The expected output is an exact copy of each line from the line with "142 - zoom gelsenkirchen - reindeer.jpg" through the end of the data below, with no pictures in it.

..............................

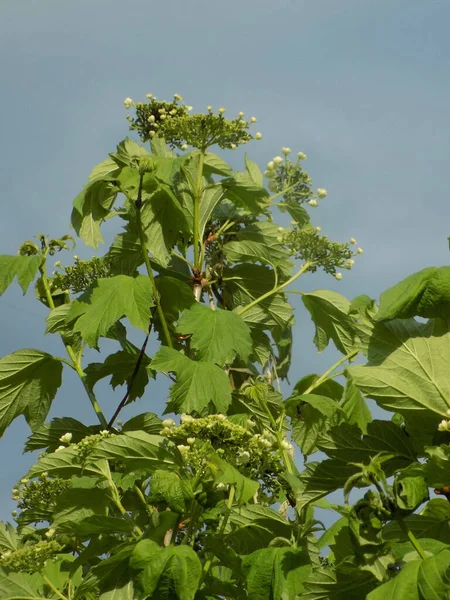 Viburnum Commun Viburnum Rouge Viburnum Opulus — Photo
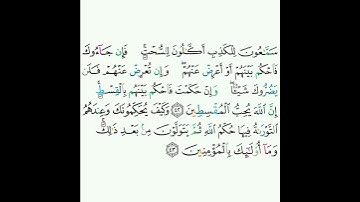 5 - سورة المائدة ٤٢-٤٣ - شيخ أبو بكر الشاطري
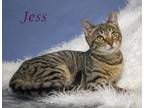 Jess (C24-007) Domestic Shorthair Kitten Female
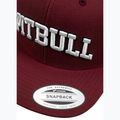 Baseballsapka Pitbull West Coast Snapback Pitbull YP Classic Premium burgundy 4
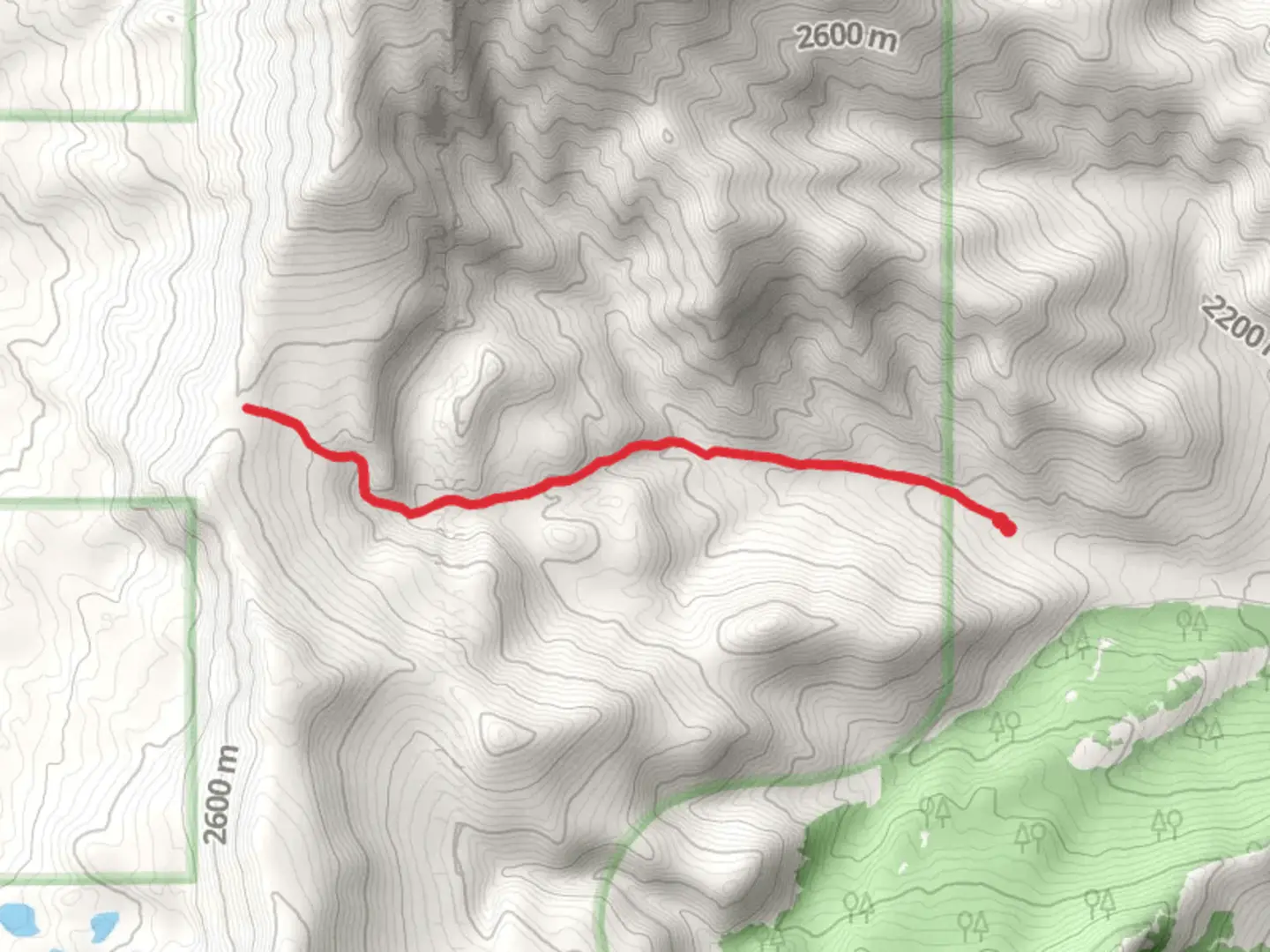 An image depicting the trail Buffalo Horn Pass Trail and its surrounding area.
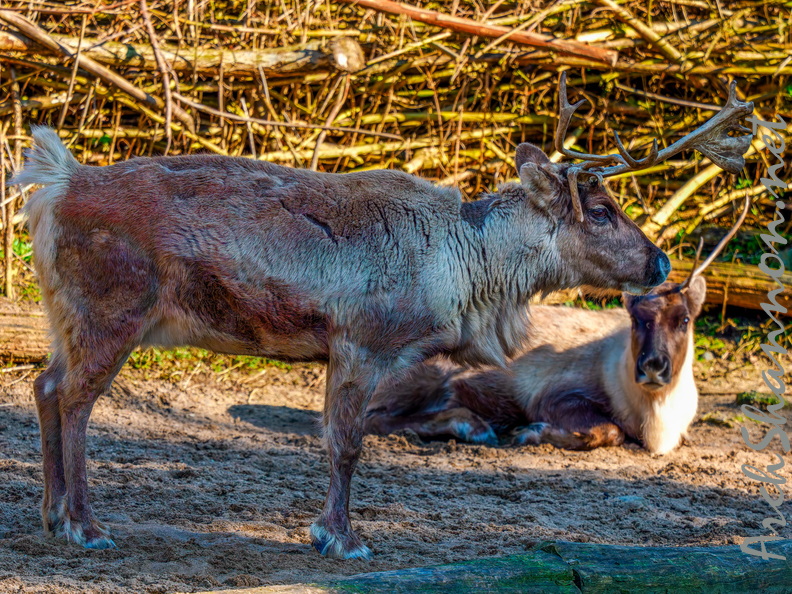 142 - zoom gelsenkirchen - reindeer.jpg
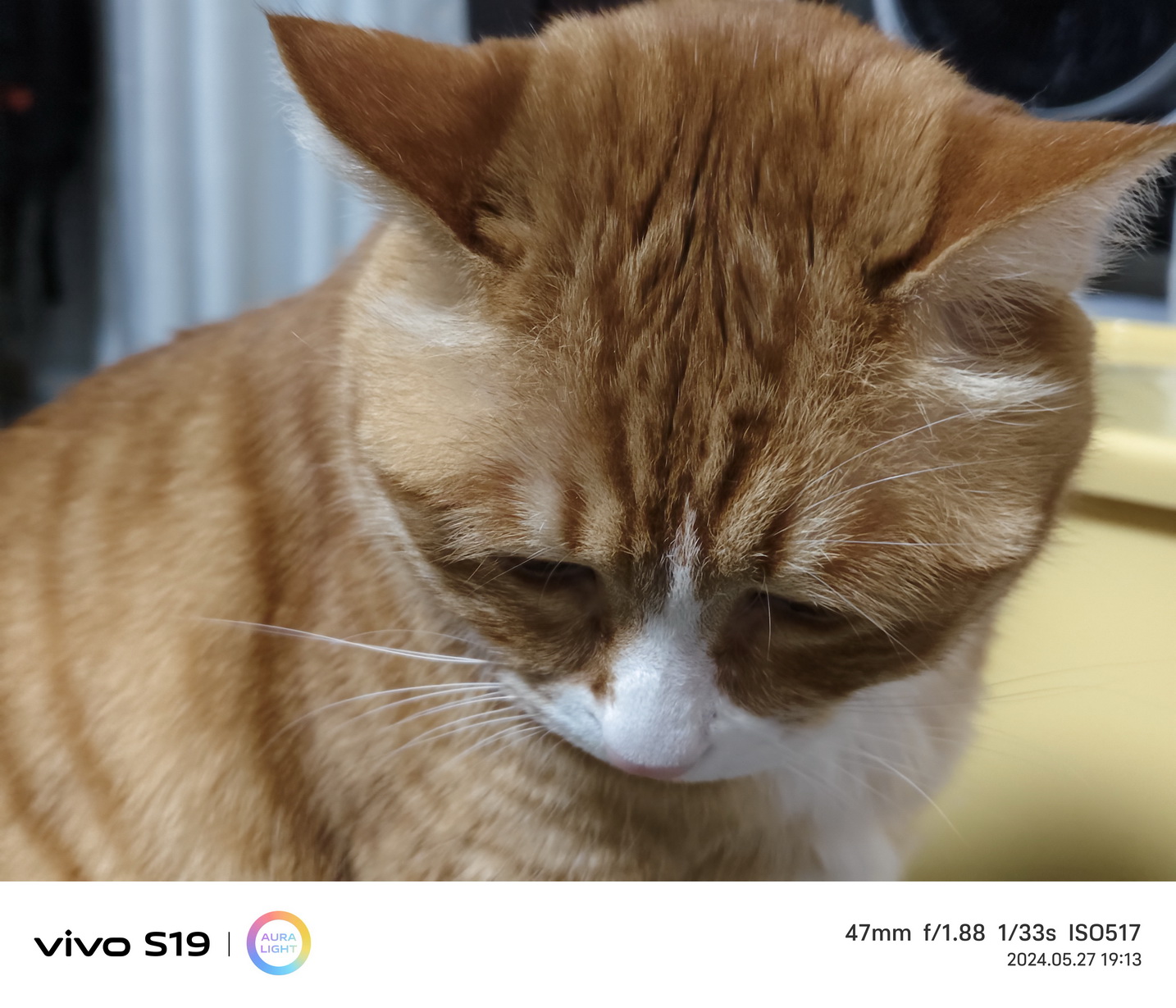 不止AI+拍照 还是年度续航王!vivo S19首测 - 第26张 - 智趣东西 不止AI+拍照 还是年度续航王!vivo S19首测 - 第26张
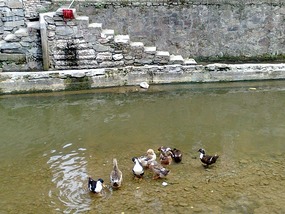 Zhaoxing Village Adventure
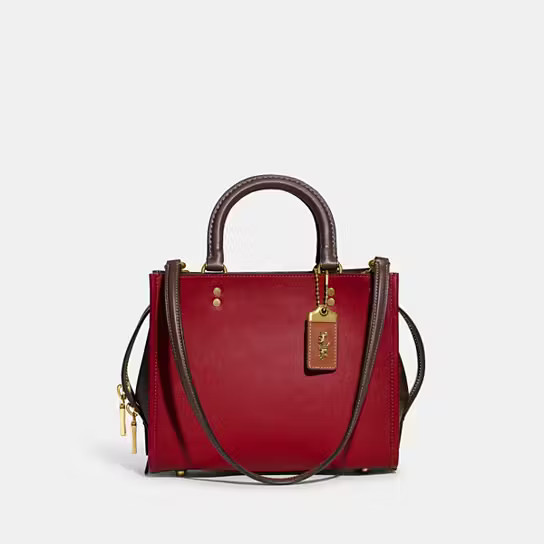 Rogue 25 In Colorblock | Coach (US)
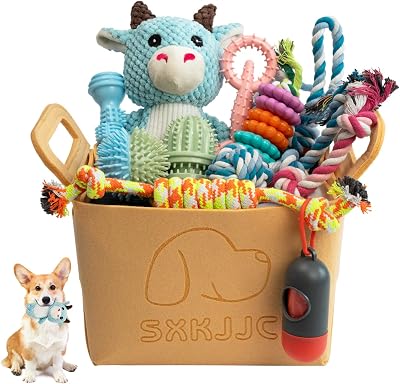 Dog Chew Toys for Teething,Boredom,Toothbrush,18 Pack Puppy Toys with Rope Toys, Balls and Squeaky Toys for SmallMedium Breeds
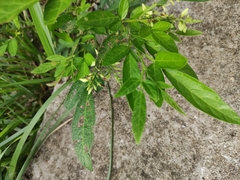 Ohwia caudata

..............................

Answer section —
 142 - zoom gelsenkirchen - reindeer.jpg
 不止AI+拍照 还是年度续航王!vivo S19首测 - 第26张 - 智趣东西 不止AI+拍照 还是年度续航王!vivo S19首测 - 第26张
 Zhaoxing Village Adventure
 Rogue 25 In Colorblock | Coach (US)
 Dog Chew Toys for Teething,Boredom,Toothbrush,18 Pack Puppy Toys with Rope Toys, Balls and Squeaky Toys for SmallMedium Breeds
 Ohwia caudata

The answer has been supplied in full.